Since coming to office, I have commissioned three reports on the housing market from Dr. Peter Bacon and Associates. Each of these reports contained evidence of strong investment demand for residential properties. The most recent report, The Housing Market in Ireland: an Economic Evaluation of Trends and Prospects, published in June 2000, referred to the buoyant demand for residential investment properties and also to evidence that investor activity was pricing first time purchasers out of the market, particularly at the lower price range.
The Government has responded positively to the findings of these reports in Action on House Prices, April 1998, Action on the Housing Market, March 1999 and earlier this year in Action on Housing. Government strategy, which is proving effective, is to increase housing supply to meet demand and to improve affordability, particularly for first time purchasers. In Action on Housing the Government adopted a number of measures, including changes to stamp duty, to ease the burden on first time buyers and owner-occupiers and to discourage speculative investment which was negatively impacting on the ability of first time buyers to enter the market.

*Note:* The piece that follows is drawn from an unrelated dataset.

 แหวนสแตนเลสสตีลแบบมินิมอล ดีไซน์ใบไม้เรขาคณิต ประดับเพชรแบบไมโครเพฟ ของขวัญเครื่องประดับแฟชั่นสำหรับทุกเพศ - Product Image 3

A temporary anti-speculative tax was also introduced for a period of three years to discourage short-term speculative investment by those seeking to make a quick capital gain, with exemptions for landlords who comply with specific regulatory requirements, indicating a commitment to the long-term availability of the accommodation for renting. Recent evidence, indicates that first time buyers are gaining an increasing share of the new housing market, which may be attributed to reduced investor activity in response to the measures introduced in Action on Housing and to increases in housing output at the lower end of the market.
As regards the issue of higher rents for tenants following the Bacon reports, the Irish Auctioneers and Valuers Institute survey data for rents showed increases in Dublin of 24% in the period November 1997 to November 1998 and 15% in the period November 1998 to November 1999, the larger increase relating to a period during which the first Bacon report was produced and before the full effects of the Government's response would have been felt.